Peradaban manusia telah berubah, landscape kehidupan global, regional maupun nasional berubah. Semua negara di dunia wajib melakukan transformasi terhadap tata kelola pemerintahan yang makin profesional, cepat, efektif, adaptif untuk menjawab kebutuhan masyarakat.
Khususnya, Indonesia yang tumbuh dalam era demokratisasi, juga memasuki era digitalisasi dan virtualisasi, serta memiliki proyeksi menjadi the big five state in the world, sebagaimana visi indonesia madani 2045.

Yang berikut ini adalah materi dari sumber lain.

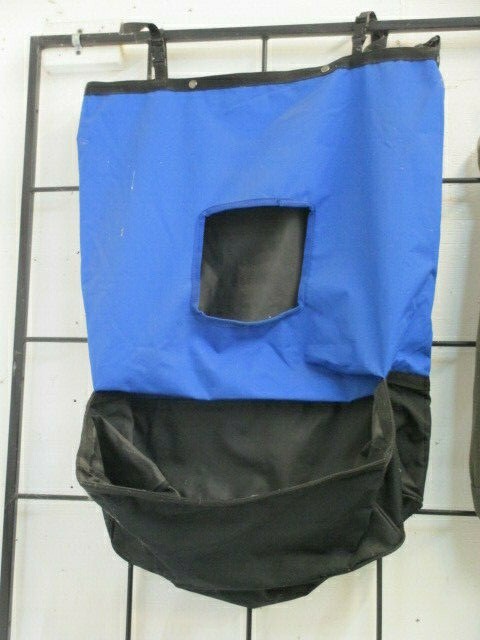 NOS Nylon Hay and Grain Bag combination rip-stop nylon adjustable strap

Maka reformasi birokrasi sebagai arus utama pendorong gelombang revolusi tata kelola pemerintahan bukan lagi hanya untuk mengontrol jalannya birokrasi dan menghadirkan pelayanan.

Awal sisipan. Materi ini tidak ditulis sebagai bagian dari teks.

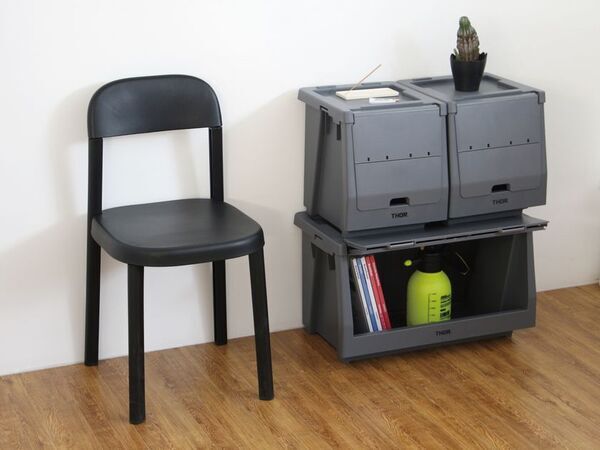 人気のTHOR STACKING SHELF CONTAINERにインテリアにより馴染む新色が登場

Namun juga mengubah paradigma para administrator publik untuk "bukan lagi mendayung, tetapi mengemudi, menetapkan arah dan tujuan serta memetakan jalan bagi perahu pemerintahan" yang menempatkan masyarakat sebagai aspek terdepan dan prioritas. Dan memposisikan pemerintah sebagai representasi publik, serta membangun institusi publik yang berintegritas, responsif melayani dan aktif memberdayakan masyarakat untuk terlibat langsung dalam pengaturan dan implementasi berbagai kebijakan publik di tingkat pusat maupun daerah.
Dua peneliti dari Arizone State University, Robert B. Denhardt dan Janet V. Denhardt, mengungkap bahwa salah satu agenda reformasi yang dijalankan Amerika Serikat dan beberapa negara maju lainnya, adalah dengan menguatkan hubungan antara institusi publik dengan pelanggannya (masyarakatnya) sebagai "mekanisme transaksi pasar yang melahirkan suatu komoditas kepentingan bersama".
Inilah yang kemudian mereka lakukan untuk mendorong privatisasi fungsi publik dan menjaga tercapainya tujuan kinerja pemerintah, membangkitkan efisiensi dan produktivitas, menghidupkan komitmen dan akuntabilitas mesin-mesin kelembagaan negara.
Dengan benchmarking itu, dapat dicermati bahwa konsep the new public management dalam administrasi negara sudah hadir. Dia telah mengelaborasi sentuhan maupun pendekatan pelayanan negara yang lebih demokratis (lebih meningkatkan kepercayaan publik), menjembatani harapan dan keinginan warga, memberikan ruang bagi keterlibatan sosial dalam pemerintahan, menyegarkan kembali birokrasi publik, membangkitkan legitimasi bagi pemerintahan, serta melahirkan konsep the new public service.
Konsep ini, secara gradual semakin berkembang dan tidak jauh berbeda dengan apa yang dilakukan di Indonesia melalui penerapan open government--pemerintahan yang terbuka.
Besarnya keinginan publik untuk terlibat langsung dalam pemerintahan bahkan dalam perumusan kebijakan publik, harus disalurkan dan diartikulasikan pada satu titik pertemuan yaitu "triangulasi kepentingan" antara negara/pemerintah, sektor privat dan masyarakat. Bukan untuk semata menemukan solusi bagi salah satu pihak saja, tetapi membangun kolektivitas dan kebersamaan, tanggung jawab, serta proses kolaboratif yang mempertemukan antara harapan dan kebijakan publik.
Mal Pelayanan Publik
Inilah framework yang mendorong lahirnya generasi pelayanan publik terpadu di Indonesia. generasi pertamanya bernama pelayanan terpadu satu atap (PTSA), lalu generasi kedua bernama pelayanan terpadu satu pintu (PTSP), lalu mal pelayanan publik adalah generasi ketiga.